Extracted records

'''

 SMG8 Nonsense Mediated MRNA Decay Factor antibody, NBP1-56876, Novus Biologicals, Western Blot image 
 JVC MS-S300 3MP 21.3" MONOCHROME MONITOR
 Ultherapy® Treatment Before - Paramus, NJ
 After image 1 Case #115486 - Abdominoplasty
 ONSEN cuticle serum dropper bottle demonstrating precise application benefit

'''

> [What is needed]
From the line holding "JVC MS-S300 3MP" to the last line of the records, quote each line exactly and add nothing.

> [Your solution]
 JVC MS-S300 3MP 21.3" MONOCHROME MONITOR
 Ultherapy® Treatment Before - Paramus, NJ
 After image 1 Case #115486 - Abdominoplasty
 ONSEN cuticle serum dropper bottle demonstrating precise application benefit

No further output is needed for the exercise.